FIELD PENNYCRESS
File Size: 86 KB
 
Thlaspi arvense  L.
Smith County, Kansas
Annual
Height: 1-2 feet
Family: Brassicaceae - Mustard Family
Flowering Period:   April, May, June
Also Called: Frenchweed, stinkweed, fanweed.
Stems: Erect, solitary or several, branching above, glabrous.
Leaves: Alternate, simple; basal leaves spatulate to oblanceolate, 1 to 4 inches long, tips rounded, margins irregularly toothed or entire; stem leaves oblong-elliptic to lanceolate, 1/2 to 3 inches long, sessile, tips pointed to rounded, margins coarsely toothed.
Inflorescences: Raceme, multi-flowered, terminal, elongates with maturity.
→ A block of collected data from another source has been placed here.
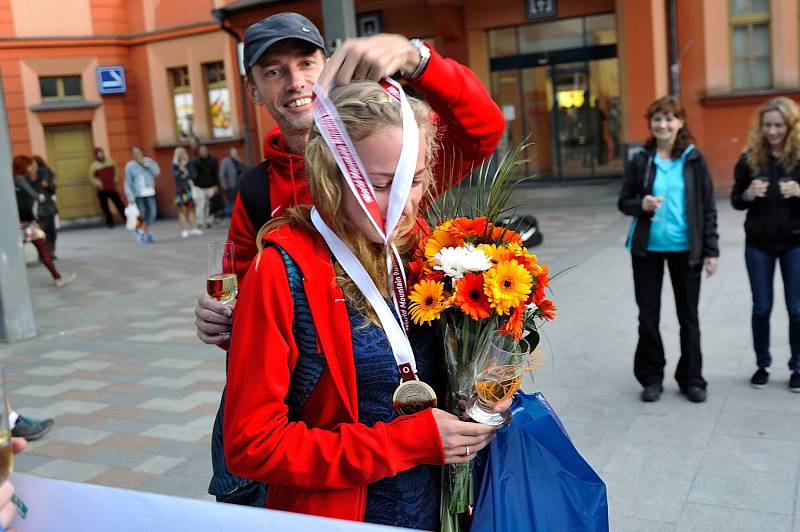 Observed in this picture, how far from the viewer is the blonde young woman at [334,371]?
5.24ft

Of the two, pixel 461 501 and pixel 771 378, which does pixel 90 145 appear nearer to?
pixel 771 378

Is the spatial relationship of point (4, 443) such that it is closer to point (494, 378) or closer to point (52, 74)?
point (494, 378)

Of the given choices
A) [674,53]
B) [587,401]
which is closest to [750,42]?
[674,53]

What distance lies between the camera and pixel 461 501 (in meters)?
1.79

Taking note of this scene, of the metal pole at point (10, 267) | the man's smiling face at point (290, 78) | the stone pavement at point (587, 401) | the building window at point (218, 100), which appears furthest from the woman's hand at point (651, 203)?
the building window at point (218, 100)

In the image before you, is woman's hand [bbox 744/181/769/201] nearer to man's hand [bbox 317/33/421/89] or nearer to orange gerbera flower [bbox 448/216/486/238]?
orange gerbera flower [bbox 448/216/486/238]

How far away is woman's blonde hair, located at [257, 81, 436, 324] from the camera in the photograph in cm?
160

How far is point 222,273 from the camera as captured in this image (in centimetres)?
217

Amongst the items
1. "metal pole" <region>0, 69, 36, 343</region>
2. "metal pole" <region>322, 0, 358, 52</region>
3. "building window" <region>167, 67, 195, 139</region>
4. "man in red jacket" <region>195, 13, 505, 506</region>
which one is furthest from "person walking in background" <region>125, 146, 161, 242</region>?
"man in red jacket" <region>195, 13, 505, 506</region>

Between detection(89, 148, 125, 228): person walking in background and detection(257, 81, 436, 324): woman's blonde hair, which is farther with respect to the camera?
detection(89, 148, 125, 228): person walking in background

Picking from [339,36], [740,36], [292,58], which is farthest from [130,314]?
[740,36]

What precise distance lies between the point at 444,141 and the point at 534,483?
883 millimetres

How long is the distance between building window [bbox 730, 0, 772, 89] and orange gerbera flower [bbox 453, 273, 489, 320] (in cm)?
1523

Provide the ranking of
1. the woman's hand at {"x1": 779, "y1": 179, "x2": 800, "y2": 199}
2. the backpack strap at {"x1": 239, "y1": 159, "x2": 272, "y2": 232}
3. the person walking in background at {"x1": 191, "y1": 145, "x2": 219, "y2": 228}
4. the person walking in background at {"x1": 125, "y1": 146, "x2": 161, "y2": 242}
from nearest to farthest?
1. the backpack strap at {"x1": 239, "y1": 159, "x2": 272, "y2": 232}
2. the woman's hand at {"x1": 779, "y1": 179, "x2": 800, "y2": 199}
3. the person walking in background at {"x1": 125, "y1": 146, "x2": 161, "y2": 242}
4. the person walking in background at {"x1": 191, "y1": 145, "x2": 219, "y2": 228} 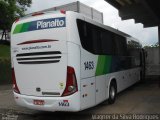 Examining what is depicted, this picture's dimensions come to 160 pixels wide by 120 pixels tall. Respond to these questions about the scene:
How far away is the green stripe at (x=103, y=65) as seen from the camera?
1037 cm

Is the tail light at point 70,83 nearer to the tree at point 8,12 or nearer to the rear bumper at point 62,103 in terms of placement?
the rear bumper at point 62,103

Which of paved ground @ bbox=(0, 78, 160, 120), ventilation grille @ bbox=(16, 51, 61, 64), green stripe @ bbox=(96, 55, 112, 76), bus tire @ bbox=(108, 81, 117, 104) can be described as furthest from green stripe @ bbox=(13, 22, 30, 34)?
bus tire @ bbox=(108, 81, 117, 104)

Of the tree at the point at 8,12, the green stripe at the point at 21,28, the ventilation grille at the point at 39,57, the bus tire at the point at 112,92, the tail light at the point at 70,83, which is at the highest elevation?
the tree at the point at 8,12

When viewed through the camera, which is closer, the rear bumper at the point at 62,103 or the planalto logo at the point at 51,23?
the rear bumper at the point at 62,103

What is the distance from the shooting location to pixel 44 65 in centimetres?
907

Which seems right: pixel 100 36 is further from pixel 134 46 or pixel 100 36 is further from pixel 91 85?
pixel 134 46

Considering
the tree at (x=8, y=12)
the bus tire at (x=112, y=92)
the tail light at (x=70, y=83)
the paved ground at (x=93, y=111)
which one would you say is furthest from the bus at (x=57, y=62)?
the tree at (x=8, y=12)

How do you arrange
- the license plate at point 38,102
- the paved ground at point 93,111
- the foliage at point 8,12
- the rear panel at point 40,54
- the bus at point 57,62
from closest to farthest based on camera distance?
the bus at point 57,62 < the rear panel at point 40,54 < the license plate at point 38,102 < the paved ground at point 93,111 < the foliage at point 8,12

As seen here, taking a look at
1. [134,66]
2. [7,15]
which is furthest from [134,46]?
[7,15]

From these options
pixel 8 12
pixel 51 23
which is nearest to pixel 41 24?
pixel 51 23

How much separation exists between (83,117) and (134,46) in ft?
28.4

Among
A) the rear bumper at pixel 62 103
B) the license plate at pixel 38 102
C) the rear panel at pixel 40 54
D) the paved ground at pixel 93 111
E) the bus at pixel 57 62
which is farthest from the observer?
the paved ground at pixel 93 111

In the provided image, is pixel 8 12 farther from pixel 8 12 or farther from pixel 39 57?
pixel 39 57

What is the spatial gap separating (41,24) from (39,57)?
1030 millimetres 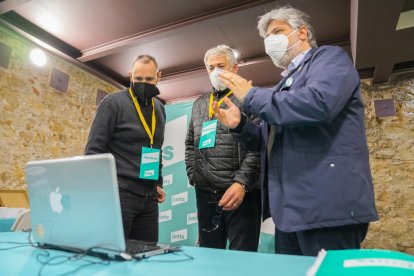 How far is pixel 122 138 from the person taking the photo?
5.45 ft

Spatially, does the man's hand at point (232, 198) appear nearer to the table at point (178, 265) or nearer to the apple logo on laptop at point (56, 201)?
the table at point (178, 265)

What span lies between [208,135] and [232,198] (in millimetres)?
429

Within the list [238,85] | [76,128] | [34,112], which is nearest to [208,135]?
[238,85]

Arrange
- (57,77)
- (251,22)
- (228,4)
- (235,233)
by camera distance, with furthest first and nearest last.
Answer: (57,77)
(251,22)
(228,4)
(235,233)

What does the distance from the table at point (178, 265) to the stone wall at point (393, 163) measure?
3.70 m

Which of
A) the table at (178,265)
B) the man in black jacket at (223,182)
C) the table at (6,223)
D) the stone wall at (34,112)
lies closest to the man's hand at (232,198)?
the man in black jacket at (223,182)

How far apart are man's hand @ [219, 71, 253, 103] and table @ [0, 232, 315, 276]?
0.59m

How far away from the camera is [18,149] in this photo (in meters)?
3.13

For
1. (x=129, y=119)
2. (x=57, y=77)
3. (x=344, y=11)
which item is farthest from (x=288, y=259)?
(x=57, y=77)

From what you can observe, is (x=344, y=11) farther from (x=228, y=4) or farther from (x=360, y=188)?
(x=360, y=188)

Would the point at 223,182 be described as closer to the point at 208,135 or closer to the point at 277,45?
the point at 208,135

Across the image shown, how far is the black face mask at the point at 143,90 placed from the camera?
5.80ft

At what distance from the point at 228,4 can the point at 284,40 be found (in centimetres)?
165

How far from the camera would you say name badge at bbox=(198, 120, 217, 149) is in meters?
1.70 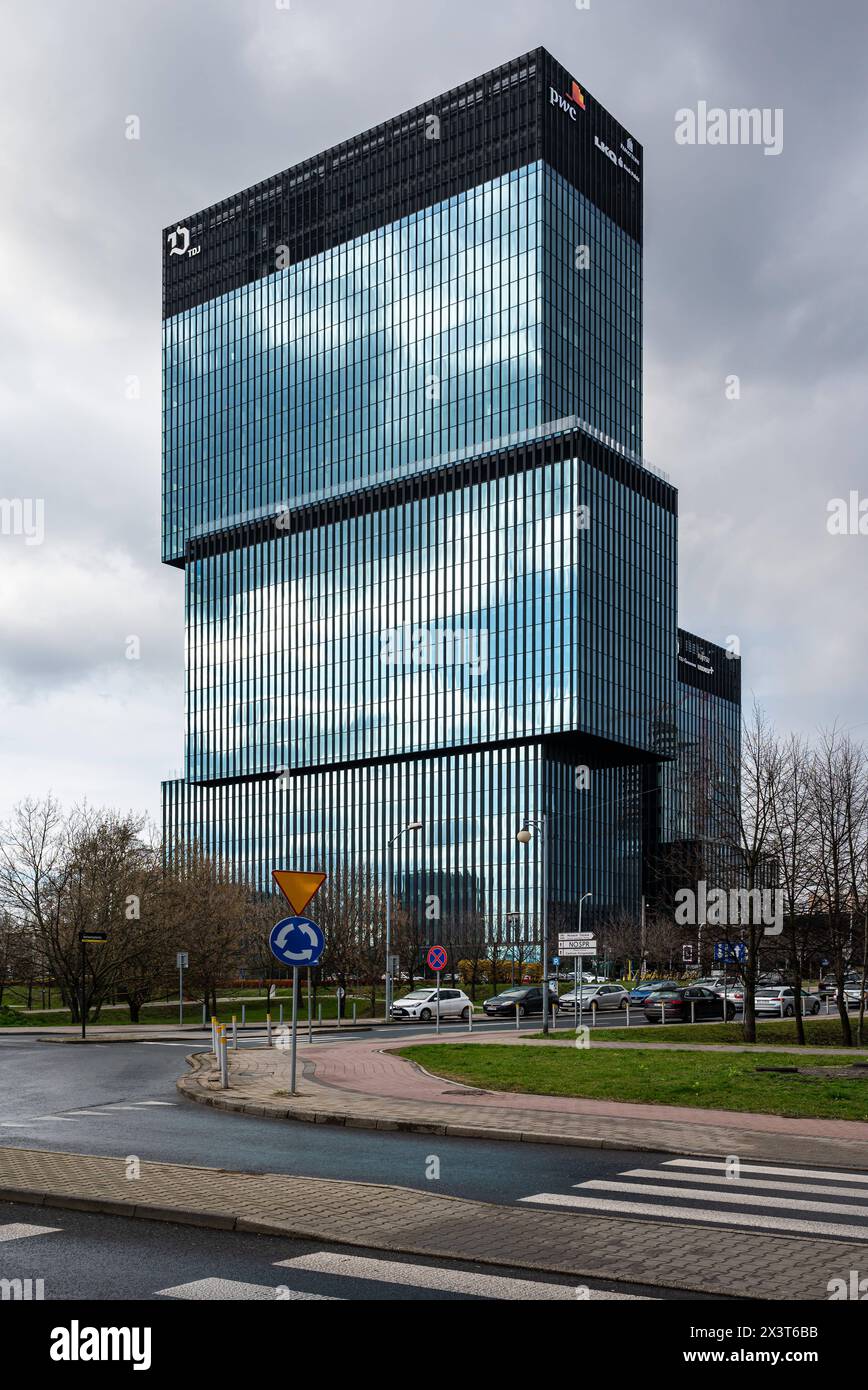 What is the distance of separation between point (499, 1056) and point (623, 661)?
8806 cm

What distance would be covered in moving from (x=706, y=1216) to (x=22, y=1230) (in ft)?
16.0

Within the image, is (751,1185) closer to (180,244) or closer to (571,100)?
(571,100)

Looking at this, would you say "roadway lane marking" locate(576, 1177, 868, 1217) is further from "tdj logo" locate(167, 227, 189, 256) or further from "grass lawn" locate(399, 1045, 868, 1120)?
"tdj logo" locate(167, 227, 189, 256)

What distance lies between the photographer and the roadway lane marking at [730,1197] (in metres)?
Answer: 9.80

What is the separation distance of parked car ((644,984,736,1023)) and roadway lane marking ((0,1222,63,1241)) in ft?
130

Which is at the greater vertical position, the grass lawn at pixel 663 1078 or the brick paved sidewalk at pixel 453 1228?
the brick paved sidewalk at pixel 453 1228

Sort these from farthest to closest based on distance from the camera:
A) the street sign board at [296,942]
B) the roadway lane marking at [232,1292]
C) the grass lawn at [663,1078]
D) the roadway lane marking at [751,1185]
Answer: the street sign board at [296,942] < the grass lawn at [663,1078] < the roadway lane marking at [751,1185] < the roadway lane marking at [232,1292]

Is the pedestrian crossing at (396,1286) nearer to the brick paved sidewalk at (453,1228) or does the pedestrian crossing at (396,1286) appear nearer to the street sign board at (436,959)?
the brick paved sidewalk at (453,1228)

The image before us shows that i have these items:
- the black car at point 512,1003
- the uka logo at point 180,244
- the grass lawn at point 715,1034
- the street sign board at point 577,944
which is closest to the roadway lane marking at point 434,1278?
the street sign board at point 577,944

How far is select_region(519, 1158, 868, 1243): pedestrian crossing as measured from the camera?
9258 millimetres

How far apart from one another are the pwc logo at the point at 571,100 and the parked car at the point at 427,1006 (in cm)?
8347

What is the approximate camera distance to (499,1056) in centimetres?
2492

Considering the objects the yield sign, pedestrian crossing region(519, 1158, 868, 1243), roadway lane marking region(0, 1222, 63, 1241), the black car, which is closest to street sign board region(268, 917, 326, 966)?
the yield sign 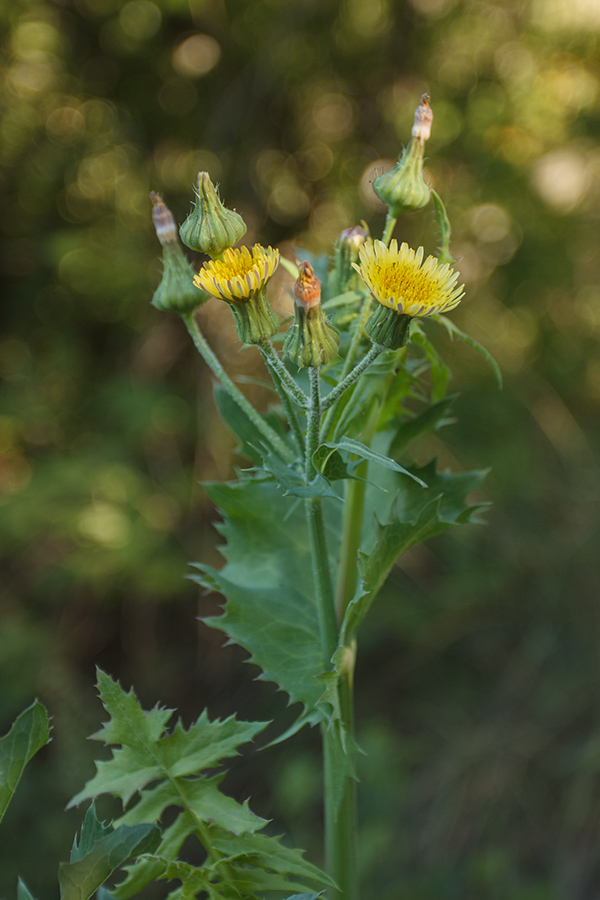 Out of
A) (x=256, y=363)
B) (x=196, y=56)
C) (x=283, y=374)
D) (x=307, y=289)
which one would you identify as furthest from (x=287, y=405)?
(x=196, y=56)

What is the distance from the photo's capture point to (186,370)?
4.16 meters

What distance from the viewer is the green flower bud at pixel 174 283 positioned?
1.15 metres

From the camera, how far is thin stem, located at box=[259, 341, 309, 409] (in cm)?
98

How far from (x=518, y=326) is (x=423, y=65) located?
1655 millimetres

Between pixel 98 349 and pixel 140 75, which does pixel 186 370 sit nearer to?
pixel 98 349

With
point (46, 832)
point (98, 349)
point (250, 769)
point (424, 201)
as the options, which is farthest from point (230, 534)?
point (98, 349)

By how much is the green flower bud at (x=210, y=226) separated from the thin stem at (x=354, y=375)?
280 millimetres

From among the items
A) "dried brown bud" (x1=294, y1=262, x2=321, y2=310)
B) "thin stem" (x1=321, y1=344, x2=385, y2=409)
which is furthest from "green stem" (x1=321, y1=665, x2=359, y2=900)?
"dried brown bud" (x1=294, y1=262, x2=321, y2=310)

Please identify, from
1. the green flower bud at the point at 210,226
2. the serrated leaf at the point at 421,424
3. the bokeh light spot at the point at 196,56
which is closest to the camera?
the green flower bud at the point at 210,226

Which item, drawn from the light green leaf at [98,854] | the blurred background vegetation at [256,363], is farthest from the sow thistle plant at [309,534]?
the blurred background vegetation at [256,363]

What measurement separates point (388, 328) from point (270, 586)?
56 centimetres

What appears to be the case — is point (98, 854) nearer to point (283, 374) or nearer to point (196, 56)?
point (283, 374)

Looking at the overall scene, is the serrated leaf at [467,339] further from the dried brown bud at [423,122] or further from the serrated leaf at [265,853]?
the serrated leaf at [265,853]

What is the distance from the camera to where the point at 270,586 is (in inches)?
50.1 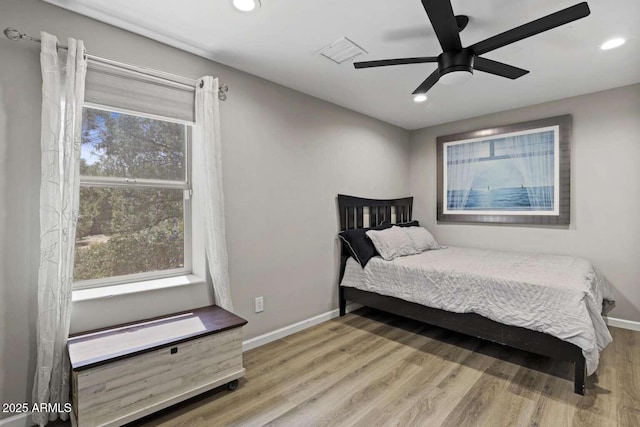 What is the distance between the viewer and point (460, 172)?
13.5ft

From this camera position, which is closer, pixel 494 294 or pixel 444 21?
pixel 444 21

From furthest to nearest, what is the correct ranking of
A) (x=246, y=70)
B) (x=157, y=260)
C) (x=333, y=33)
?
(x=246, y=70) → (x=157, y=260) → (x=333, y=33)

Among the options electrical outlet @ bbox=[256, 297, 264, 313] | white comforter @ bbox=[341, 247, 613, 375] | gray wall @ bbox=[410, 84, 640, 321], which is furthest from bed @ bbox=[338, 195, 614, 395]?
electrical outlet @ bbox=[256, 297, 264, 313]

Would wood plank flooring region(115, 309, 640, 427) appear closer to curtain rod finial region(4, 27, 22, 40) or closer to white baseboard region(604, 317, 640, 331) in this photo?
white baseboard region(604, 317, 640, 331)

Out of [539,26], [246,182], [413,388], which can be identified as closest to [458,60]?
[539,26]

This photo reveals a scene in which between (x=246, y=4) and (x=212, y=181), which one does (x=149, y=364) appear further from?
(x=246, y=4)

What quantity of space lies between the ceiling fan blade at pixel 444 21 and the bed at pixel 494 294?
178cm

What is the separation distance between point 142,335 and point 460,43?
2583mm

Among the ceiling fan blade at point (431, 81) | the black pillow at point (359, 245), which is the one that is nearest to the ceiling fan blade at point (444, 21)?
the ceiling fan blade at point (431, 81)

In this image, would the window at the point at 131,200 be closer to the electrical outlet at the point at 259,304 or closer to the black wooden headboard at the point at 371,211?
the electrical outlet at the point at 259,304

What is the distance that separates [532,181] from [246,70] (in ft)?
11.1

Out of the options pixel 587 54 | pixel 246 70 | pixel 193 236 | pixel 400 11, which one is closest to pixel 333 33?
pixel 400 11

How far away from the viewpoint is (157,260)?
7.59 feet

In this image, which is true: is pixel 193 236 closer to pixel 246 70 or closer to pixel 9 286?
pixel 9 286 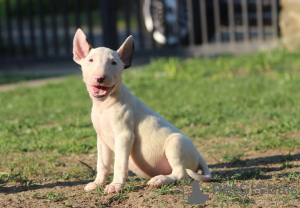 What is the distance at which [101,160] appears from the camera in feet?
14.1

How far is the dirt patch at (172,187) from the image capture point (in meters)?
3.79

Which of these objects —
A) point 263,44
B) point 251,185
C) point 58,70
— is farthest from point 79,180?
point 263,44

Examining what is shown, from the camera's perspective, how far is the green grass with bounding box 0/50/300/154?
5957mm

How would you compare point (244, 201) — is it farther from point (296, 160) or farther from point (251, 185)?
point (296, 160)

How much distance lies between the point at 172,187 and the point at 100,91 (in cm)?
80

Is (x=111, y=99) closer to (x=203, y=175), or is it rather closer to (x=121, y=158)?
(x=121, y=158)

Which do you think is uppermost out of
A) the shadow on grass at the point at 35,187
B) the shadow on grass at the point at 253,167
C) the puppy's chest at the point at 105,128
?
the puppy's chest at the point at 105,128

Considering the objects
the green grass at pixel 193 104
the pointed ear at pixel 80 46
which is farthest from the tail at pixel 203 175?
the pointed ear at pixel 80 46

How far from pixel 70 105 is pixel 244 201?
171 inches

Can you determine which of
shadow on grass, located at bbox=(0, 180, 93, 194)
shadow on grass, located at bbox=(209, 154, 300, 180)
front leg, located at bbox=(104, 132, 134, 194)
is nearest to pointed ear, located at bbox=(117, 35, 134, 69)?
front leg, located at bbox=(104, 132, 134, 194)

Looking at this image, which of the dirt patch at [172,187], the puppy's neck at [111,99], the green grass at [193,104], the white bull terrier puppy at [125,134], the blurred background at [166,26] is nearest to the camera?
the dirt patch at [172,187]

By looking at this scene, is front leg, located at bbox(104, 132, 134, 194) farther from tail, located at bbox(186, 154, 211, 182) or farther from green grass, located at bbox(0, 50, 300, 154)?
green grass, located at bbox(0, 50, 300, 154)

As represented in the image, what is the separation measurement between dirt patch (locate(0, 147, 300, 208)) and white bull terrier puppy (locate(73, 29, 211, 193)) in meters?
0.11

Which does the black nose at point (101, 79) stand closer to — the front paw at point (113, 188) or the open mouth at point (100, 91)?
the open mouth at point (100, 91) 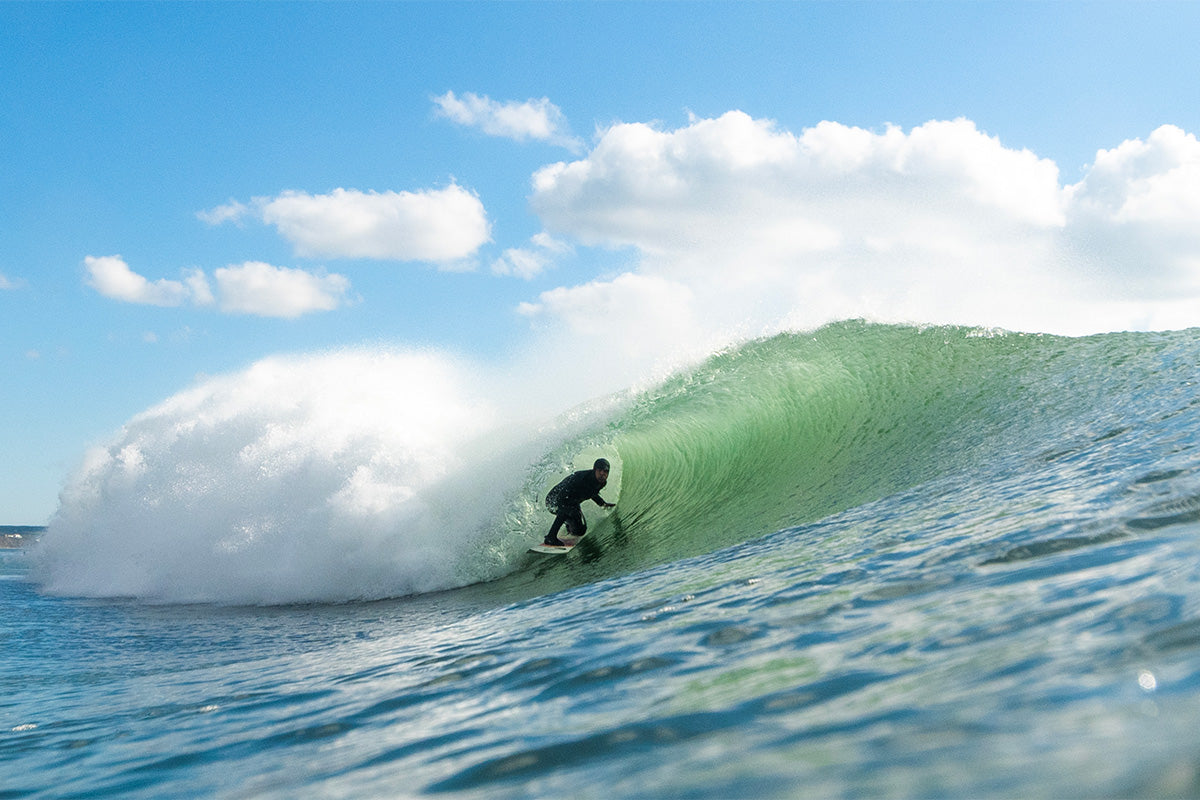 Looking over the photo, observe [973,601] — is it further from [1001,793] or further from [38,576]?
[38,576]

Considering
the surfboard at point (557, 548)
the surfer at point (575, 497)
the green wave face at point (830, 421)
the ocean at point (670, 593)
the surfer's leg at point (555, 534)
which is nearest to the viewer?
the ocean at point (670, 593)

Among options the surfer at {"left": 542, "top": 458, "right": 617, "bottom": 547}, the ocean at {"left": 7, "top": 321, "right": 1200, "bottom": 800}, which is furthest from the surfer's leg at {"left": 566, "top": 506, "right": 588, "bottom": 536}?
the ocean at {"left": 7, "top": 321, "right": 1200, "bottom": 800}

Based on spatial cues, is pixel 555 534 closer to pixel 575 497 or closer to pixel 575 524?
pixel 575 524

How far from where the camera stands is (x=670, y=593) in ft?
14.9

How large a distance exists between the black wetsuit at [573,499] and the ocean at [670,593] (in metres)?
0.24

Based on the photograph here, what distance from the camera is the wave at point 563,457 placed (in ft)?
26.2

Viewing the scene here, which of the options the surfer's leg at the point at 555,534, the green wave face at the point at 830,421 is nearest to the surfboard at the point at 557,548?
the surfer's leg at the point at 555,534

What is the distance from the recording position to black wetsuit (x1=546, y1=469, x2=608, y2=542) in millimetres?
8906

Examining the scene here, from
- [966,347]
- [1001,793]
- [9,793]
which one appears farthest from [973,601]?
[966,347]

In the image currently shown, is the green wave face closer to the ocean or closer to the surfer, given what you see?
the ocean

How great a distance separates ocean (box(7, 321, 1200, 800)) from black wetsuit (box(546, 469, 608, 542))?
242mm

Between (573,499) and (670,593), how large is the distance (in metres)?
4.53

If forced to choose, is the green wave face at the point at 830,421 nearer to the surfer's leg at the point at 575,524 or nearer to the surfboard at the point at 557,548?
the surfer's leg at the point at 575,524

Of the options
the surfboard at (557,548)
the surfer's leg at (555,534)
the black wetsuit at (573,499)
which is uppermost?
the black wetsuit at (573,499)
Flowers: Numerous, small, short-stalked; sepals 4, egg-shaped, less than 1/10 inch long, greenish-white, sometimes lightly pubescent, tips blunt or pointed; petals 4, spoon-shaped, white, 1/12 to 1/6 inch long; stamens 6, nearly equal.
Fruits: Pod, compressed, oval to nearly circular, 2/5 to 3/4 inch long, tip notched, valves 2, each with 2-8 seeds; stalk 1/4 to 3/5 inch long; seeds oval, somewhat flattened, purple or black.
Habitat: Open waste areas, roadsides, grain fields, and gardens.
Distribution: Throughout Kansas, but rare in southwest corner.
Origin: Introduced from Europe and now naturalized.
Toxicity: Pennycress has been known to cause poisoning in livestock. Signs of poisoning are digestive disturbance, bloody diarrhea, and photosensitization.
Comments: The seeds can remain viable in the soil for many years. Will cause milk to have a bitter, garlic-like taste.